That concludes my update on our recent product candidate developments, and I'll now invite John to provide an overview of our financial results for the third quarter of 2015. John?

Thanks, Scott.

As of September 30, 2015, our cash, cash equivalents, and short-term investments increased to $65.9 million from $47.1 million as of December 31, 2014. Our ending cash and investment balances for the third quarter reflects an increase of $5.7 million from our June 30, 2015, balances and includes proceeds raised from the previously announced financing with Lincoln Park Capital.

Based on our current expectations, we believe that our cash, cash equivalents, and short-term investments will be sufficient to fund our currently planned operations into the first quarter of 2017, which may include, regarding Custirsen, announcing AFFINITY trial results including final results of the poor prognosis subpopulation by the end of this year, and final analysis for the ITT population in the second half of 2016, depending on timing of the event-driven final analysis; and announcing ENSPIRIT trial results, which could be available in the second half of 2016. Regarding Apatorsen, announcing Spruce trial results for the PFS primary endpoint in the first quarter of 2016, announcing Borealis-2 trial results in 2016, and continuing enrollment in the Spruce-2 trial and completing enrollment in the Pacific trial.
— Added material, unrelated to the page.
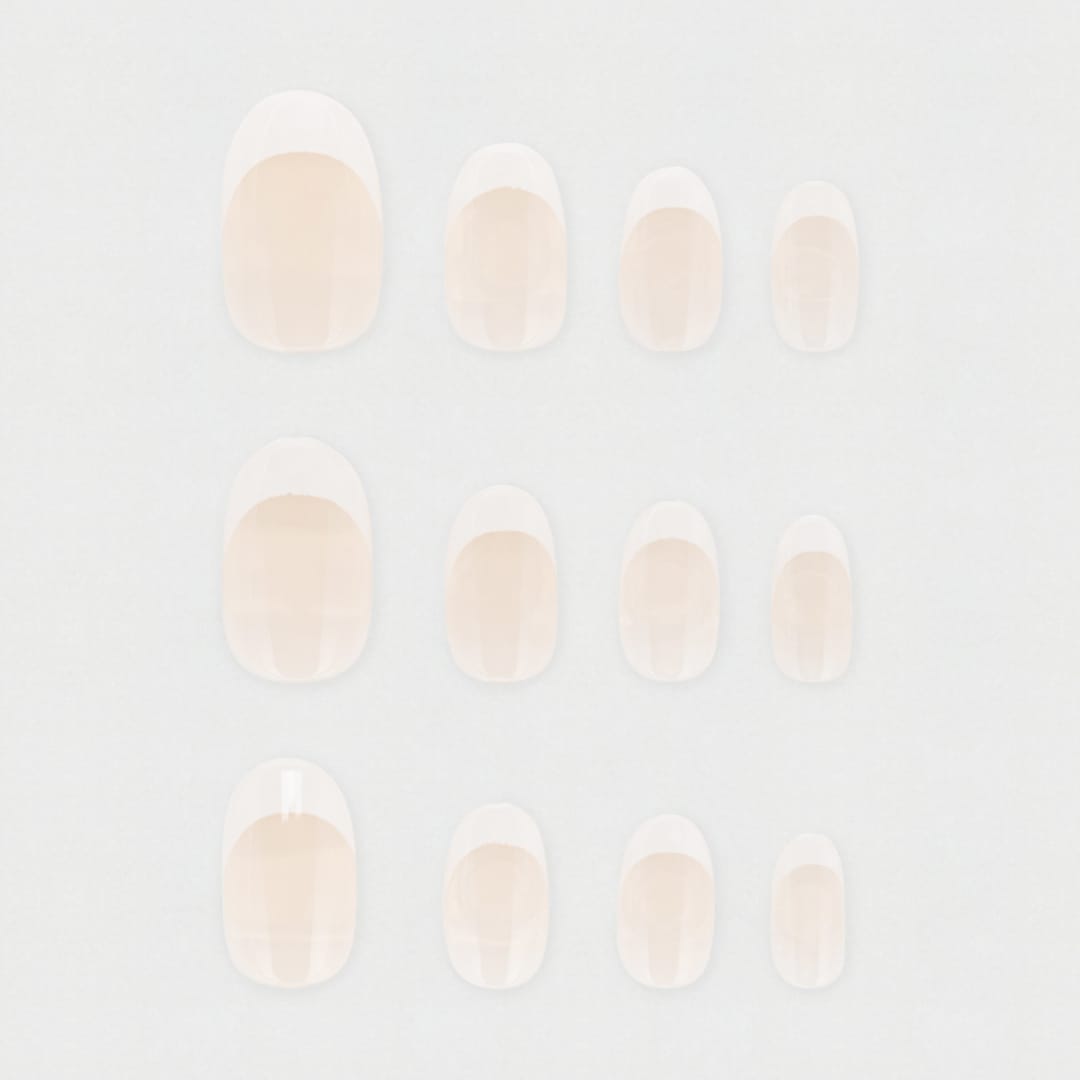 OXX Cosmetics 24 Pack False Nails with Adhesive - Oval Shape, White - Kmart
Revenue for the three months ended September 30, 2015, increased to $6.7 million from $4.8 million for the three months ended September 30, 2014. Revenue for the nine months ended September 30, 2015, decreased to $12.1 million from $21.5 million for the nine months ended September 30, 2014. Revenue for the current period reflects the recognition of the proceeds we received from Teva as advanced reimbursement for Custirsen-related development expenses. We expect a deferred revenue balance from the advanced reimbursement from Teva to be fully recognized in the first half of 2016, as we continue the development of Custirsen.

Total operating expenses for the three and nine months ended September 30, 2015, were $11.4 million and $27.4 million respectively, compared to $12 million and $44.3 million for the three and nine months ended September 30, 2014, respectively. The reduction in operating expenses in 2015 is primarily related to lower clinical trial costs for the AFFINITY and Borealis-1 trials as a result of patients completing treatment. This reduction was partially offset by higher ENSPIRIT trial cost as we became the sponsor in this study.

Net loss for the three and nine months ended September 30, 2015, was $4.6 million and $15.1 million compared with $4.9 million and $20.6 million for the three and nine months ended September 30, 2014, respectively.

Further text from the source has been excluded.